This is the quiet riser. Yes grows steadily from about 9% in 2018 to about 25% in 2024. Unlike some of the other indicators, this one shows a consistent long term climb, suggesting more communities are embedding self build into locally led planning.
Demand intensity – Self build applicants per km² Map [Q9]
This map takes the total number of people on each council’s Right to Build register and converts it into a demand intensity score by dividing by the land area of that local planning authority. The result is shown as applicants per square kilometre. You can switch the year, and the shading updates so you can see how that density of demand changes over time. Hovering an area shows the exact intensity figure for that authority and year, and the legend explains the value ranges behind each colour band.
What this metric shows
Applicant totals can be misleading because council areas vary wildly in size. A large rural authority can have a high total simply because it covers a huge area, while a small urban borough can look modest on totals even though the pressure is intense and competition for land is brutal. By normalising by land area, applicants per km² gives a fairer like for like view of where demand is concentrated.
It is also a good proxy for land scarcity pressure. Self build is ultimately constrained by access to plots. Where the same number of aspiring self builders are competing within a smaller physical area, it tends to mean tighter land supply, higher prices, and a greater need for councils to proactively allocate or release suitable sites. Used alongside the totals map, this intensity view helps separate places that are genuinely high pressure from places that are simply large.

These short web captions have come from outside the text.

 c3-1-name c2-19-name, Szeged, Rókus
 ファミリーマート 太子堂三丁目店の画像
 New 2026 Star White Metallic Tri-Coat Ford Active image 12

Supply intensity – Permissions per km² per year Map
This map takes the number of planning permissions granted for self and custom build in each local planning authority and converts it into a supply intensity score by dividing by the authority’s land area. The result is shown as permissions per square kilometre for a selected year. When you change the year, the shading updates so you can see where permissioning activity is concentrated and how that pattern shifts over time. Hovering an area shows the exact permissions per km² value for that authority and year, and the legend explains the ranges behind each colour band.
What this metric shows
Permission totals are heavily influenced by the size of a council area. A large rural authority might grant a high number of permissions simply because it covers more land, while a compact urban borough may grant fewer permissions in absolute terms even though it is working harder per unit of area. Normalising by km² makes the map more comparable across very different geographies.
It also gives a clearer signal of delivery pressure. Permissions are one of the closest measurable steps towards real plot supply, and viewing them per km² highlights where councils are unlocking opportunities in a constrained physical space. When you compare this map with applicant intensity per km², you can quickly spot imbalance, high demand but low supply intensity, or places where permissioning activity is keeping pace with local pressure.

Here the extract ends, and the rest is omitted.